Hydrogen bonds give recognition its precision — they are picky about direction and distance. But each one you add to a drug has a hidden price: it must out-compete the water that was already happily hydrogen-bonding to both partners.

What a hydrogen bond is

A hydrogen bond forms when a hydrogen already attached to an electronegative atom (the donor: N–H, O–H, sometimes S–H) lines up with a lone pair on another electronegative atom (the acceptor: typically O or N). The hydrogen sits in the middle and is shared, a bit like a handshake. In a drug, the groups that supply these are counted as hydrogen-bond donors (the N–H, O–H groups) and hydrogen-bond acceptors (the lone pairs on carbonyls, ethers, ring nitrogens, and so on).

What makes hydrogen bonds special among the binding forces is directionality.

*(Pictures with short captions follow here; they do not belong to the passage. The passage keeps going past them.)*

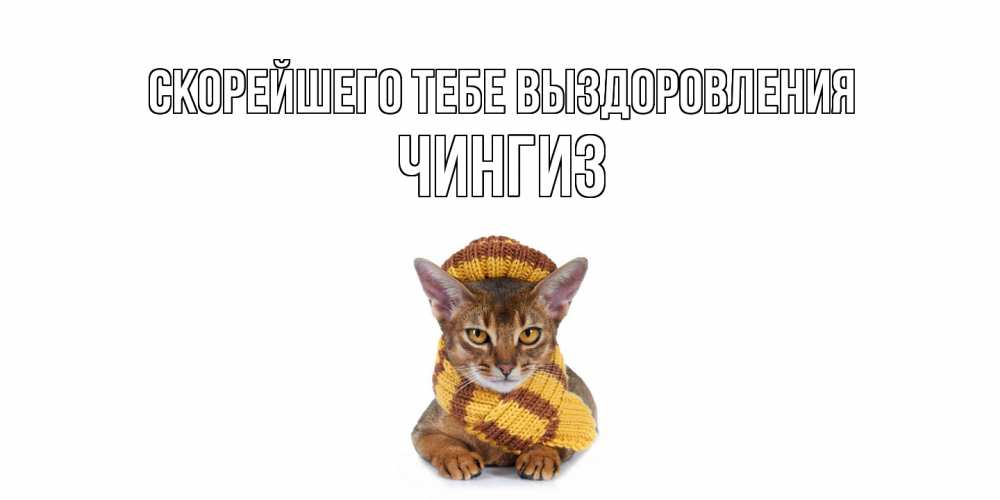 Открытка на каждый день с именем, Чингиз Скорейшего тебе выздоровления родные не болейте Прикольная открытка с пожеланием онлайн скачать бесплатно 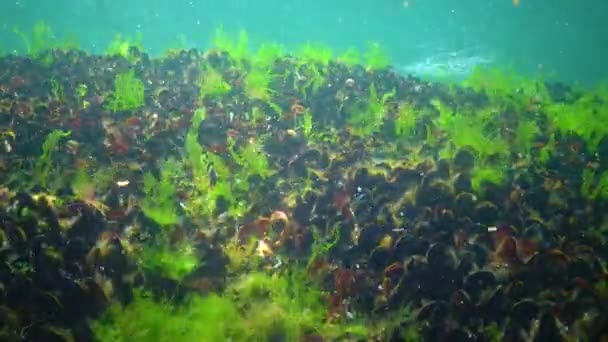 Mejillón Mediterráneo Mytilus Galloprovincialis Algas Verdes Fondo Marino Del Mar — Vídeos de Stock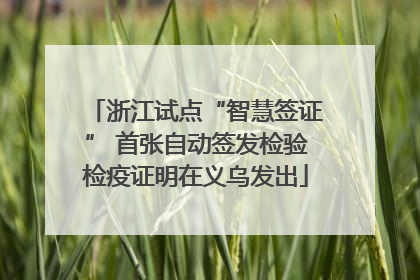 浙江试点“智慧签证” 首张自动签发检验检疫证明在义乌发出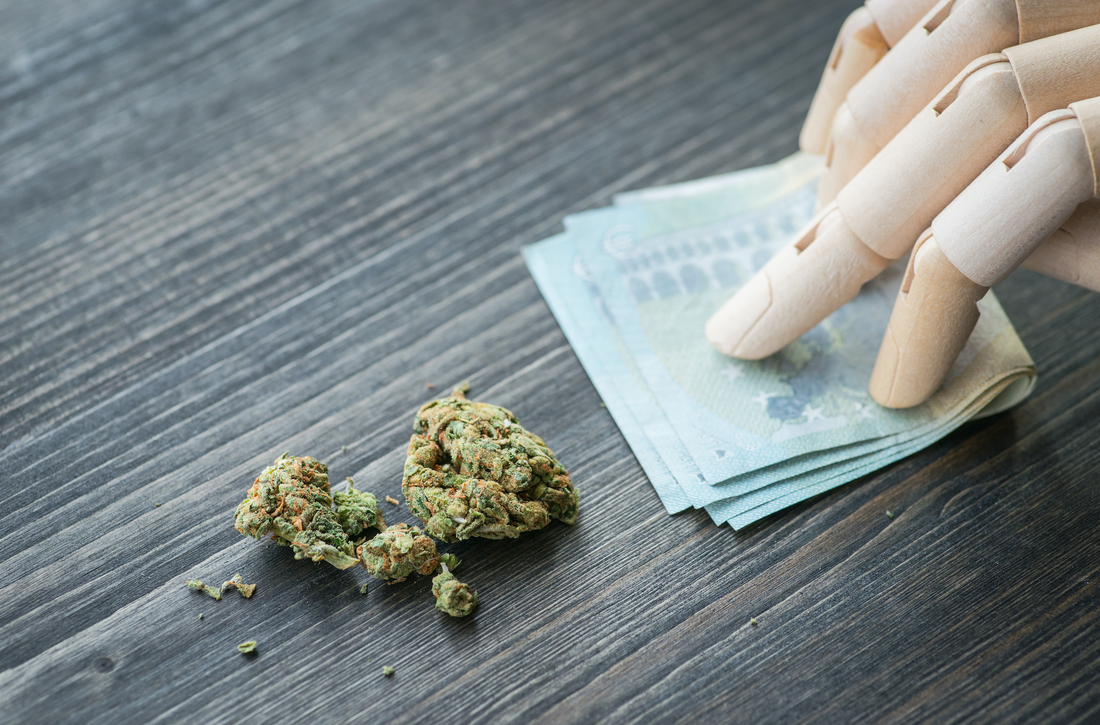 YOOKACBD.COM SUR CETTE PHOTO ON EUT VOIR UNE MAIN TENANT UNE LIASSE DE BILLETS DE 20 EUROS ET DES FLEURS DE CBD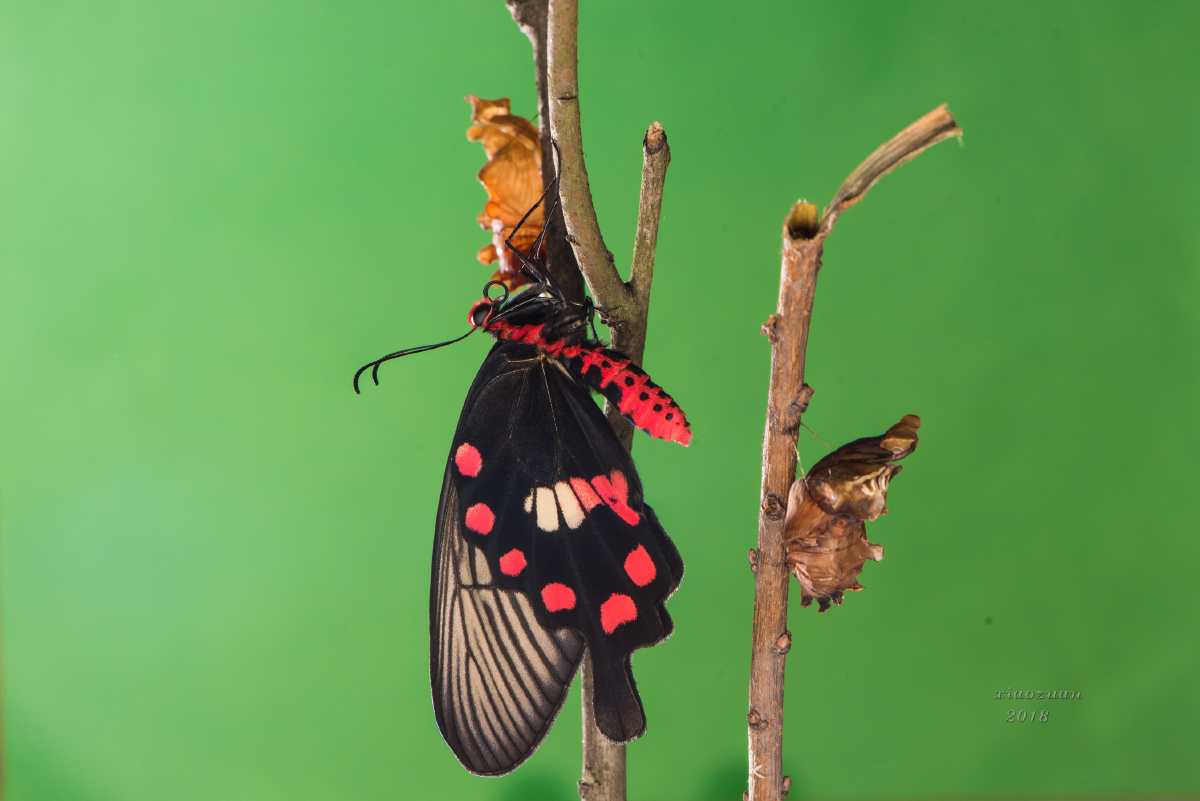 红珠凤蝶羽化前后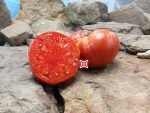 Piombino Italian Heirloom Tomato Red Tomato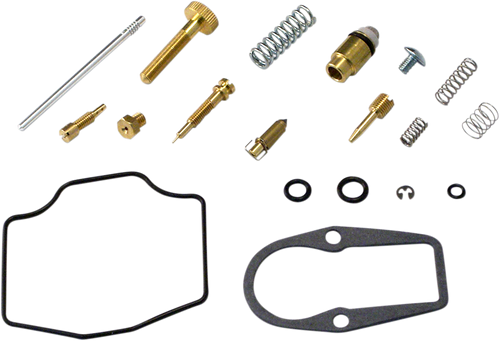 Carburetor Repair Kit 10031231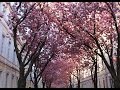 20160420 Heute Scugnizzo Bonn Und Kirschblüte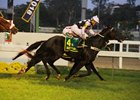 Quarteto De Cordas wore down Arrocha to win the Grande Premio Brasil at Gavea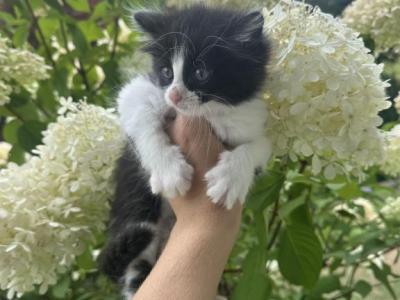 COCO - Domestic - Gallery Photo #1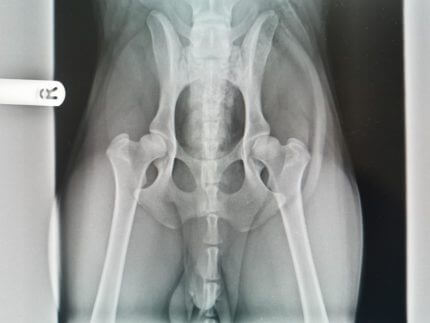 Service Pet and Animal Digital X-ray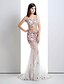 cheap Evening Dresses-Mermaid / Trumpet See Through Dress Formal Evening Court Train Sleeveless V Neck Lace with Lace Crystals 2024
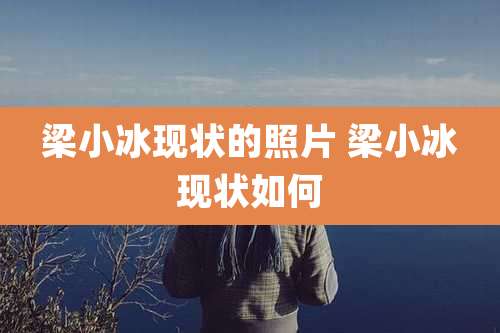 梁小冰现状的照片 梁小冰现状如何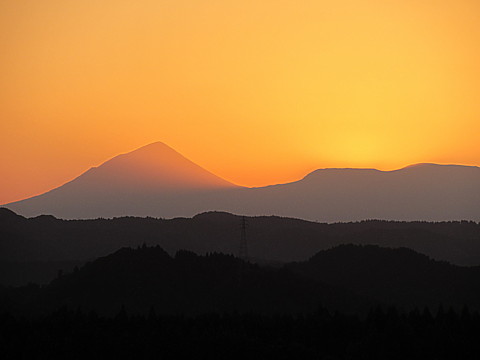 IMG_8904.jpg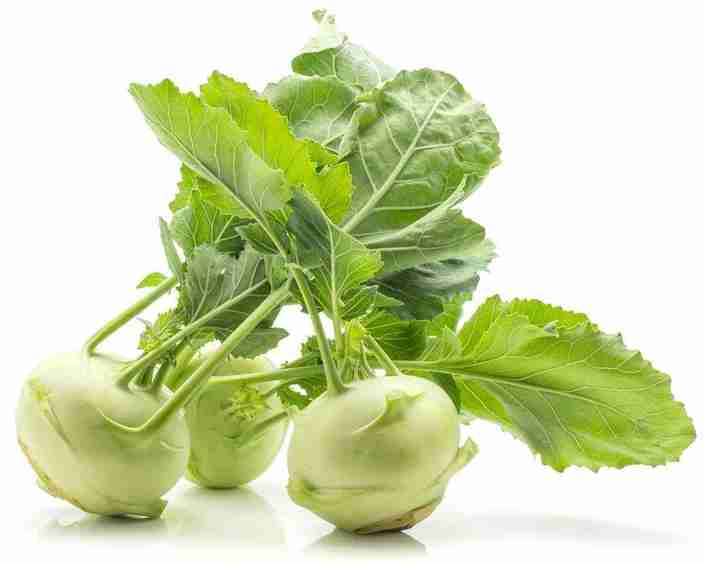 GATH GOBHI (NAVALGOLE)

They are strongest when the donor, hydrogen, and acceptor are roughly in a straight line, at a distance of about 2.7–3.2 Å between the heavy atoms. Bend that angle or stretch that distance and the bond weakens fast. This pickiness is a gift: it lets a target distinguish a molecule that presents an acceptor at exactly the right spot from one that is a few tenths of an ångström off. Hydrogen bonds are the scalpel of recognition.

Why an extra hydrogen bond rarely doubles potency

Beginners often reason: "the crystal structure shows an unmet acceptor near my donor, so let me add a hydroxyl and gain a strong hydrogen bond." Sometimes that works — and sometimes the new compound is no better, or worse. The reason is water. Before binding, your donor was hydrogen-bonding to water, and the protein's acceptor was too. To form the new drug–protein bond, you must break both of those water bonds. You are not creating a bond out of nothing; you are swapping water bonds for a protein bond. The net gain is only the difference.

There is a flip side, and it is just as important. An unsatisfied polar group — a donor or acceptor that you bury in the pocket but that finds no partner — is a real penalty. You paid to strip its water and gave it nothing in return. So the practical rule is symmetric: form the bond when you can, but if you cannot, do not bury a naked polar group; either find it a partner or remove the group entirely.

Putting it to work

  1. Look at the structure and ask which polar atoms of your ligand actually face a complementary protein partner — and which are dangling into solvent or, worse, buried unmet.
  2. For a hoped-for new hydrogen bond, check geometry: can your group reach the partner at a near-linear angle and the right distance, without straining the rest of the molecule?
  3. If a donor is hurting potency or properties, consider swapping it for a bioisostere that keeps the geometry but changes the polarity (e.g., trading an N–H for a ring nitrogen).
  4. Use selective hydrogen bonds to win selectivity: a partner residue present in your target but absent in a look-alike off-target is a precious handle.
Naive view:   add an OH  ->  + one H-bond  ->  much tighter binding

Real ledger:  break  ligand-OH ... water
              break  protein-O ... water
              form   ligand-OH ... protein-O
              -----------------------------------------
              net    ~ (new bond) - (two water bonds)  ->  often small

Unsatisfied buried donor:  strip its water, form NOTHING  ->  clear penalty
The hidden water accounting behind "just add a hydrogen bond."